[RAW DATA Boundary: Start]

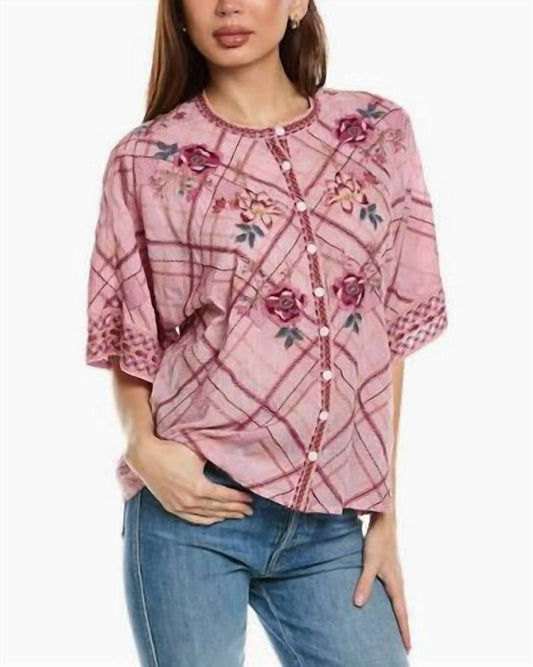 Johnny Was - Roylane Blouse Cherie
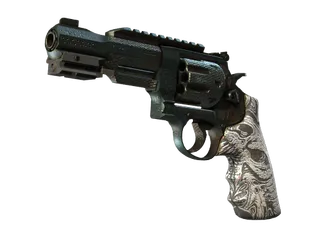 StatTrak™ R8 Revolver | Bone Forged (Well-Worn)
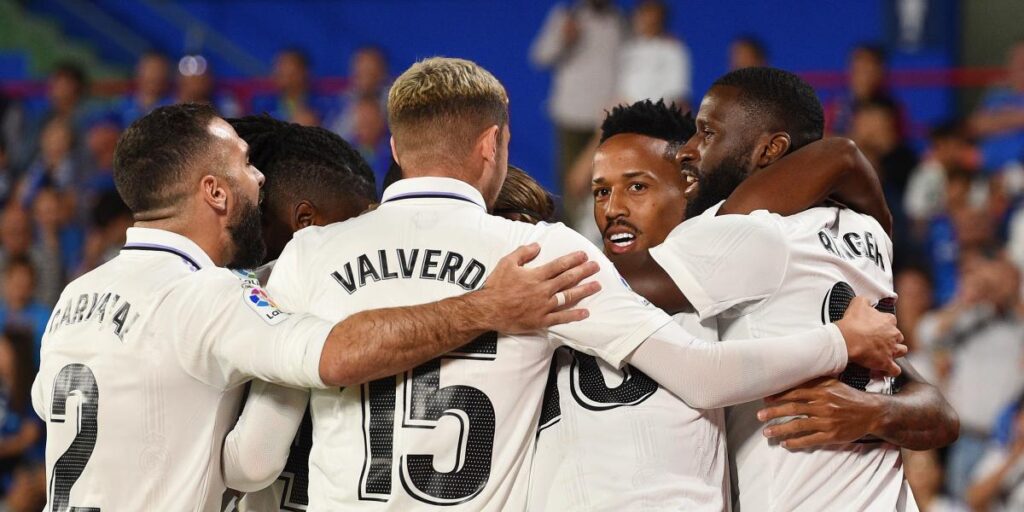 Getafe - Real Madrid: resumen, resultado y goles del partido de fútbol de LaLiga Santander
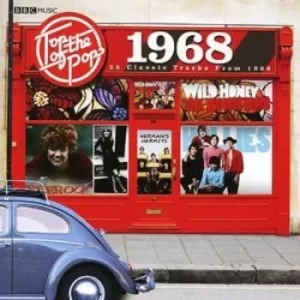 Image of Top of the Pops 1968 by Various Artists CD Album
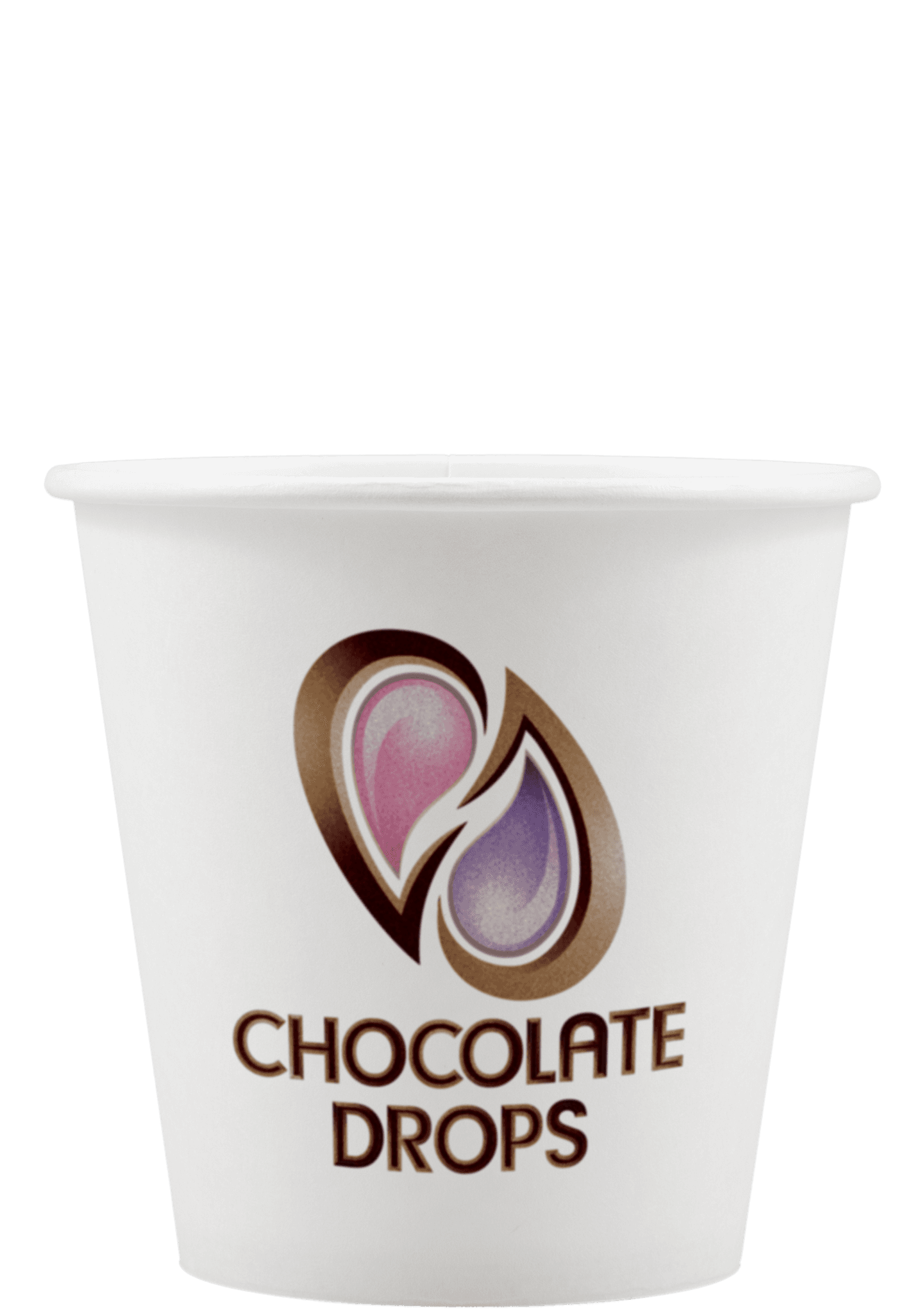 10 oz Paper Cup White Digital Print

[RAW DATA Boundary: End]

You are asked to output the records precisely as they appear, minus any pictures.

 Johnny Was - Roylane Blouse Cherie
 StatTrak™ R8 Revolver | Bone Forged (Well-Worn)
 Getafe - Real Madrid: resumen, resultado y goles del partido de fútbol de LaLiga Santander
 Image of Top of the Pops 1968 by Various Artists CD Album
 10 oz Paper Cup White Digital Print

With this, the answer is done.